● **PROBLEM TO SOLVE**
From the line containing "Símbolo espartano —" down to the last line of the material, output each line exactly as it appears, excluding pictures.
•••
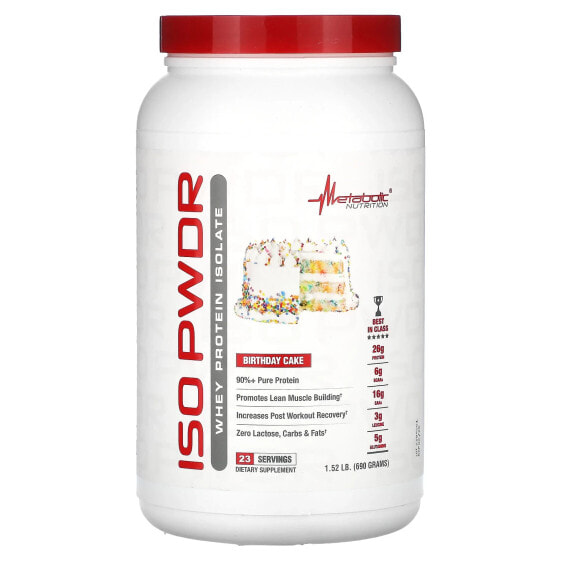 ISOpwdr, Whey Protein Isolate, Birthday Cake, 1.52 lbs (690 g)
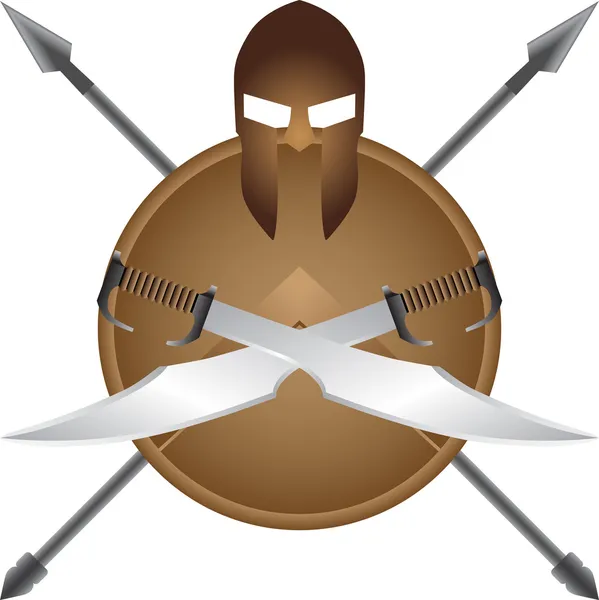 Símbolo espartano — Archivo Imágenes Vectoriales
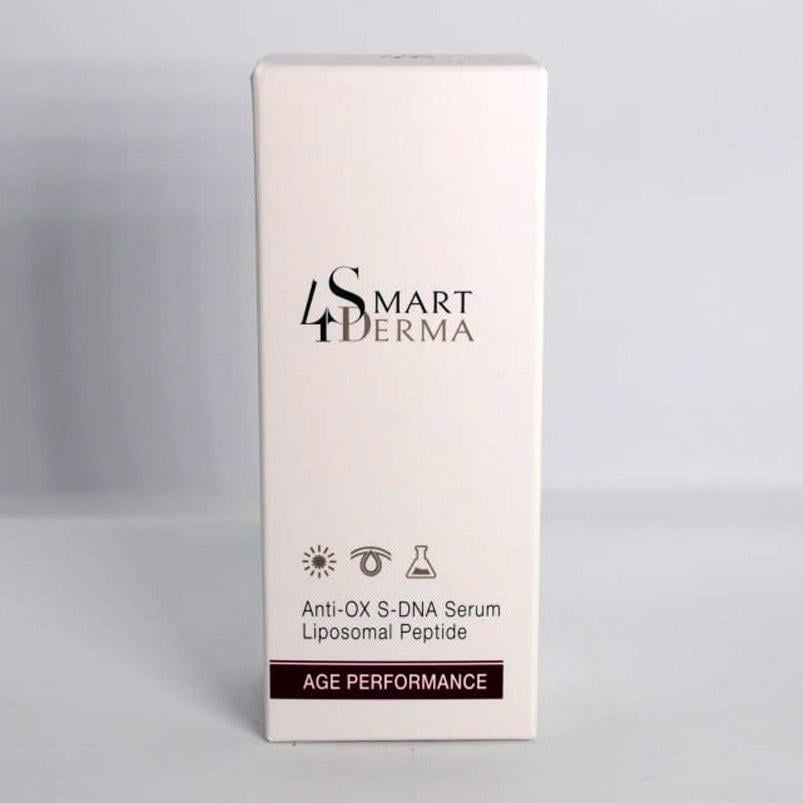 Ліфтинг-сироватка антиоксидантна ліпосомальна Smart4Derma Age Performance Anti-OX S-DNA Serum Liposomal Peptide 50 мл Ліфтинг-сироватка антиоксидантна ліпосомальна Smart4Derma Age Performance Anti-OX S-DNA Serum Liposomal Peptide 50 мл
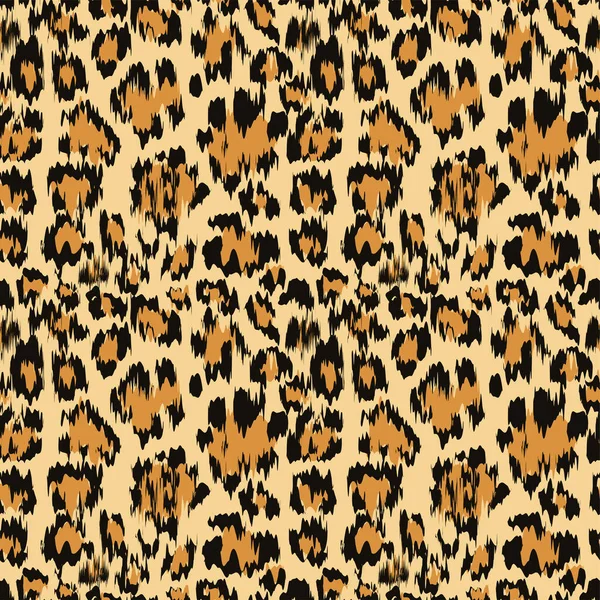 Seamless Pattern Leopard Pattern Animal Fur Leopard Spotted Skin Texture — Archivo Imágenes Vectoriales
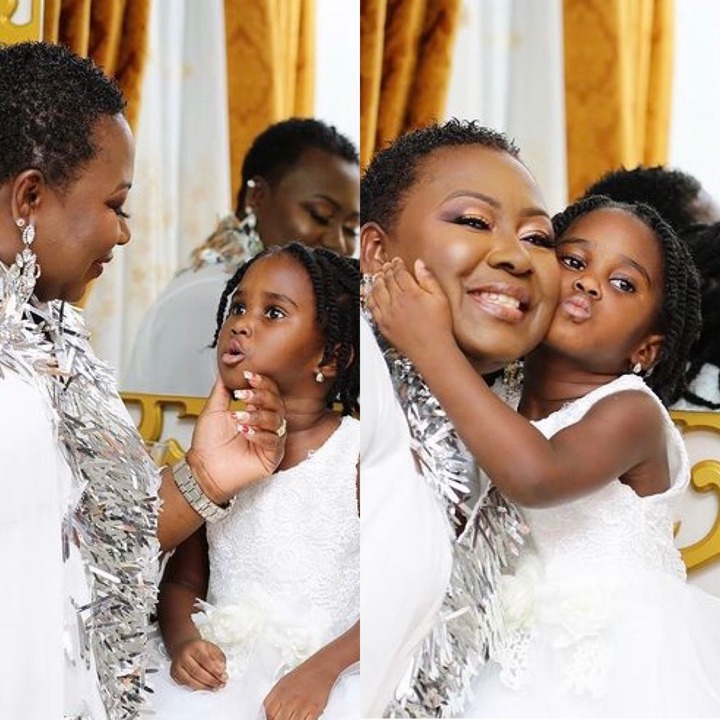 Beautiful pictures of Gifty Anti and her daughter goes viral serving mum and daughter goals 2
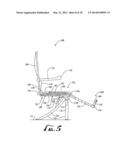 Chair, Frame and Lifting Garment Useful for Patients diagram and image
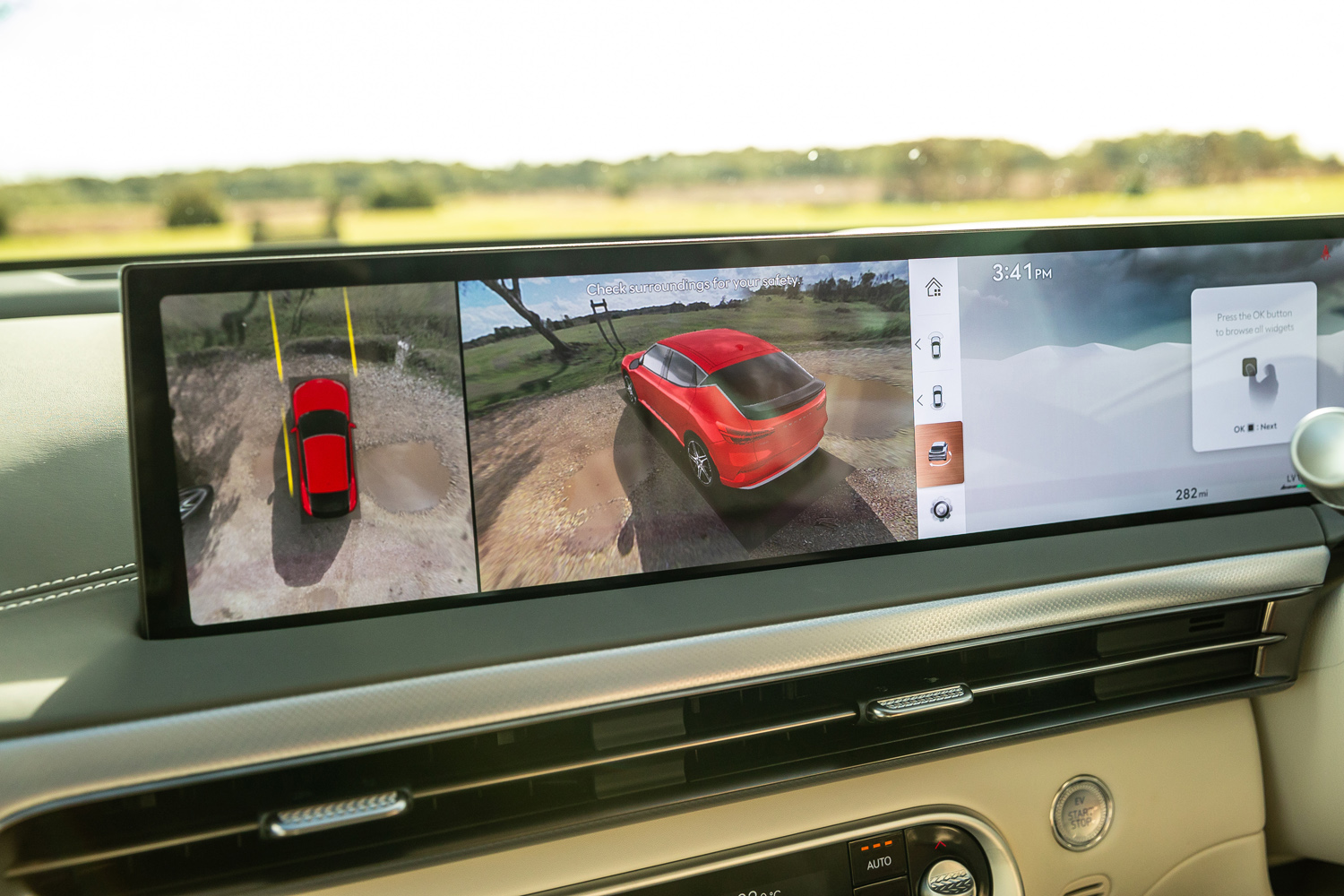 Genesis GV60 Performance drive 2026 infotainment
•••
● **ANSWER BELOW**
 Símbolo espartano — Archivo Imágenes Vectoriales
 Ліфтинг-сироватка антиоксидантна ліпосомальна Smart4Derma Age Performance Anti-OX S-DNA Serum Liposomal Peptide 50 мл Ліфтинг-сироватка антиоксидантна ліпосомальна Smart4Derma Age Performance Anti-OX S-DNA Serum Liposomal Peptide 50 мл
 Seamless Pattern Leopard Pattern Animal Fur Leopard Spotted Skin Texture — Archivo Imágenes Vectoriales
 Beautiful pictures of Gifty Anti and her daughter goes viral serving mum and daughter goals 2
 Chair, Frame and Lifting Garment Useful for Patients diagram and image
 Genesis GV60 Performance drive 2026 infotainment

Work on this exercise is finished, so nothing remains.